И тут - как шквальный ветер. Порыв. Тишина. Снова порыв - на сцене,
справа, у трибуны, появился невысокий узкоплечий человек в генеральском
мундире. Два Георгиевских креста на френче.
Министр-председатель встал:
- Граждане делегаты Государственного совещания! Господа! Временное
правительство позавчера обрисовало общее положение армии и те мероприятия,
которые намечены и будут проведены в жизнь. Вместе с тем мы признали
необходимым вызвать, - он сделал ударение на последнем слове, даже повторил
его, - вызвать верховного главнокомандующего и предложить ему изложить
перед настоящим собранием положение на фронте и состояние армии. Ваше
слово, генерал!
Керенский повел рукой в сторону Корнилова.
Генерал направился к трибуне.
И тут как прорвало: вся правая часть партера, офицерские и
генеральские, дипломатические и гостевые ложи громыхнули аплодисментами,
вскочили. Разразилась овация. Но вся левая половина партера - делегаты
Совдепов и армейских комитетов, солдаты - осталась сидеть, и из этих рядов
не раздалось ни одного хлопка. Подхлестнутая этим молчанием, правая часть
ликовала. Доносилось: "Да здравствует генерал Корнилов!.. Слава
главковерху!.."
Овация продолжалась несколько минут. Едва она начала спадать, как из
офицерской, соседней с Путко ложи раздалось на весь театр, командно-громко:
- Солдаты, встать!
Зеленые гимнастерки внизу не пошевелились.

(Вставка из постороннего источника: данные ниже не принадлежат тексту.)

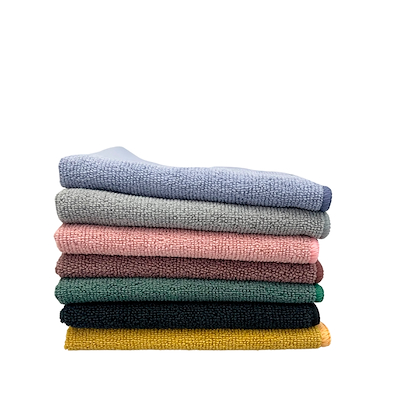 Klud microfiberklude 7 ugedage multicolor 30x30 cm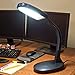 Lavish Home 72-0893 Natural Sunlight Desk Lamp with Adjustable Gooseneck Arm-for Reading and Crafting, 26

- Солдаты, встать! Изменники, хамы! Снизу, от гимнастерок,
послышалось:
- Холопы!
Ложи будто взбесились:
- Это не солдаты! Встаньте!.. Изменники!.. Керенский в исступлении
тряс колокольчиком. Наконец ему удалось утихомирить страсти:
- Я предлагаю собранию сохранять спокойствие и выслушать первого
солдата Временного правительства с долженствующим к нему уважением и
уважением к Временному правительству!
Зал замолк. Антону сверху было видно: Корнилов, не спеша поднявшись на
трибуну, достал листки и положил их перед собой.
Взял первый лист, приподнял к глазам:
- Господа! Как верховный главнокомандующий, я приветствую Временное
правительство, приветствую все Государственное совещание от лица
действующей армии.
Голос его звучал размеренно и четко, слова вылетали отрывистые:
- Я был бы счастлив добавить, что я приветствую вас от лица тех армий,
которые там, на границах, стоят твердой непоколебимой стеной, защищая
русскую территорию, достоинство и честь России, но с глубокой скорбью я
должен добавить и открыто заявить, что у меня нет уверенности, что русская
армия исполнит без колебания свой долг перед родиной.
В зале повисла тяжелая тишина.
Генерал Корнилов не видел зала. Не воспринимал рева и клекота одной ее
половины и мертвой тишины - другой. Его не возбуждали ни величественность
момента, ни торжественный блеск позолоты и хрусталя. Он внутренне клокотал
от ярости и лишь силой воли не давал этой ярости прорваться наружу -
разносным ли ударом кулака по кафедре или полновесной, матерной бранью. А
стоили все эти скопом и того и другого!..
Вчера, ступив на московскую землю, он чувствовал себя триумфатором.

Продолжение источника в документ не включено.